[About this exercise]
The listing below holds a line with "S35VN Blade) KB072" and a line with "5240-dundas-street-burlington-ontario-w12425984". Reproduce those two lines exactly, plus everything between them.

--------------------------------

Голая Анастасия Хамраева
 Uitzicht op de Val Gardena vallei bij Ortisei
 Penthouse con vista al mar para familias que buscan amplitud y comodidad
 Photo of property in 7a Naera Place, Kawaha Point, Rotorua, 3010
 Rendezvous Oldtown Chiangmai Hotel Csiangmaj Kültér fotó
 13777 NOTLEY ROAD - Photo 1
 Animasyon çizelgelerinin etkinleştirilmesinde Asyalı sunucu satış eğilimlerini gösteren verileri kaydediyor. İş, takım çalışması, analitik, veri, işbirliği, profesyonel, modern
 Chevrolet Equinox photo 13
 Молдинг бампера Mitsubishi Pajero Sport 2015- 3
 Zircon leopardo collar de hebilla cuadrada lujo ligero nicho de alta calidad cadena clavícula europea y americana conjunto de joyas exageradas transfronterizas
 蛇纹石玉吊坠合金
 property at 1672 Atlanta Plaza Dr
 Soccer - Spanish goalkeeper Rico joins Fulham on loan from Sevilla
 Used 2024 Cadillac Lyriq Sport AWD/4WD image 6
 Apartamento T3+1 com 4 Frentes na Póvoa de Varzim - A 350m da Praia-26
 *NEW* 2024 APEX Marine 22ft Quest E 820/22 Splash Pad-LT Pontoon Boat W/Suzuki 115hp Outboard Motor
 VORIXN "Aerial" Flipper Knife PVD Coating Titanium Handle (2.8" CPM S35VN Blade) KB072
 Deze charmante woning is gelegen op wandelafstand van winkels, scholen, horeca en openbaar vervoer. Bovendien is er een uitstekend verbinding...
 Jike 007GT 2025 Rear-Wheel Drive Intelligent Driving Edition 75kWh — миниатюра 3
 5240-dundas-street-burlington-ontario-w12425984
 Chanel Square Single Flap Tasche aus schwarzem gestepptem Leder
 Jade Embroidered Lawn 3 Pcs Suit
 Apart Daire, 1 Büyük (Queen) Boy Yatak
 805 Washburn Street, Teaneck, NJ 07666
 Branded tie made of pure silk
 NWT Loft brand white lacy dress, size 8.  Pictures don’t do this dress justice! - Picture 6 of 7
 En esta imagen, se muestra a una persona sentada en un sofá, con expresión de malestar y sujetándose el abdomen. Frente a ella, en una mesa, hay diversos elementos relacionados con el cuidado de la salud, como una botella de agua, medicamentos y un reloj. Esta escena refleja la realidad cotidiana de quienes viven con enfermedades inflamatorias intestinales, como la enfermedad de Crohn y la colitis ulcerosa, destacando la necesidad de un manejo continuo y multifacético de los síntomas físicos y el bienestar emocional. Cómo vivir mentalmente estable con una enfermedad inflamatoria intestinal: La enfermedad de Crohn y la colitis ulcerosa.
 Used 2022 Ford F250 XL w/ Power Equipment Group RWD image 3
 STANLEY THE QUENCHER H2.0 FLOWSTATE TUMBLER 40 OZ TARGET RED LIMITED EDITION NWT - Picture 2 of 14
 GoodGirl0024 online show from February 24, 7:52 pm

--------------------------------

[Reply to the task]
 VORIXN "Aerial" Flipper Knife PVD Coating Titanium Handle (2.8" CPM S35VN Blade) KB072
 Deze charmante woning is gelegen op wandelafstand van winkels, scholen, horeca en openbaar vervoer. Bovendien is er een uitstekend verbinding...
 Jike 007GT 2025 Rear-Wheel Drive Intelligent Driving Edition 75kWh — миниатюра 3
 5240-dundas-street-burlington-ontario-w12425984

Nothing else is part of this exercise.